Relation Formulas for Class 11

Relation Formulas for Class 11

Here we are providing Relation Formula For Class 11 Maths. Practice Relation problems based on these formulas. Important terms and definitions are also included so that you can revise them in a very short time.

List of Relation Formulas for Class 11

(1) Ordered Pair: An ordered pair consists of two objects or elements grouped in a particular order.

Two numbers a and b listed in a specific order and enclosed in parentheses form an ordered pair (a, b) . Here a is the first component and b is the second component. In general, (a, b)≠(b, a) .

(2) Equality of Ordered Pairs: Two ordered pairs (a₁, b₁) and (a₂, b₂) are equal iff a₁=a₂ and b₁=b₂

(a, b) = (c, d) ⇔ a = c and b = d.

(3) Cartesian (or Cross) Product of Sets:

For two non-empty sets A and B, the set of all ordered pairs (a, b) such that a ∈ A and b ∈ B is called Cartesian product A × B, i.e. A × B = {(a, b) : a ∈ A and b ∈ B}

If A = Φ  or B = Φ then A x B = Φ

(4) Ordered Triplet: Three numbers a, b, c listed in a specific order and enclosed in parentheses form an ordered triplet (a, b, c).

(a, b, c) ≠ (b, a, c) ≠ (c, a, b), etc.

A× B×C = {(a, b, c) : a ∈ A, b ∈ B and c ∈ C}

(5) For any nonempty sets A, B, C, we have
(A x B) x C = A x (B x C), each denoted by A x B x C.

(6) For any sets A, B and C, we have:

(i) A x (B ∪ C) = (A x B) ∪ (A x C)

(ii) A x (B ∩ C) = (A x B) ∩ (A x C)

(iii) A x (B – C) = (A x B) – (A x C)

(iv) (A x B) ∩ (B x A) = (A ∩ B) x (B ∩ A) = (A ∩ B) x (A ∩ B)

(v) A x B = A x C ⇒ B = C

(vi) A ⊂ B ⇒ (A x A) ⊂ (A x B) ∩ (B x A)

(vii) A ⊂ B ⇒ (A x C) ⊂ (B x C)

(viii) A ⊂ B and C ⊂ D ⇒ (A x C) ⊂ (B x D)

(ix) A x B = B x A ⇔ A = B

(7) Let A and B be two nonempty sets and let R ⊆ A x B. Then, R is called a relation from A to B.

>> If (a, b) ∈ R, we say that ‘a is related to b‘ and we write, a R b.

>> If (a, b) ∉ R, we say that ‘a is not related to b‘

>> Dom (R) = {a : (a, b) ∈ R}, range (R) = {b : (a, b) ∈ R} .

(8) We define, R^-1 = {(b, a) : (a, b) ∈ R},

dom (R) = range (R^-1) and range (R) = dom (R^-1).

(9) Let A be a nonempty set.
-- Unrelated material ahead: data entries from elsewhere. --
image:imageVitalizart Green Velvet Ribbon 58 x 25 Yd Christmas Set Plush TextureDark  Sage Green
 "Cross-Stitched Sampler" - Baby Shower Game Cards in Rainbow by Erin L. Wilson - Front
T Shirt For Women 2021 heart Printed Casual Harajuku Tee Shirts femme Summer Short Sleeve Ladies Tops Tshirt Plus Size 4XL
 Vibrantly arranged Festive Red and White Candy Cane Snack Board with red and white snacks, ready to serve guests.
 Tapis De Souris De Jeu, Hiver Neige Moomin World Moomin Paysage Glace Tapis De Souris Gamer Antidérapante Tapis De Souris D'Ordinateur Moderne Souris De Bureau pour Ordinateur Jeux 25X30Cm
Then, every subset of A x A is called a binary relation on A.

(10) If either A or B is an infinite set, then A × B is an infinite set.

(11) n(A × B) = n(A) × n(B)

(12) If A and B be any two non-empty sets having n elements in common, then A × B and B × A have n² elements in common.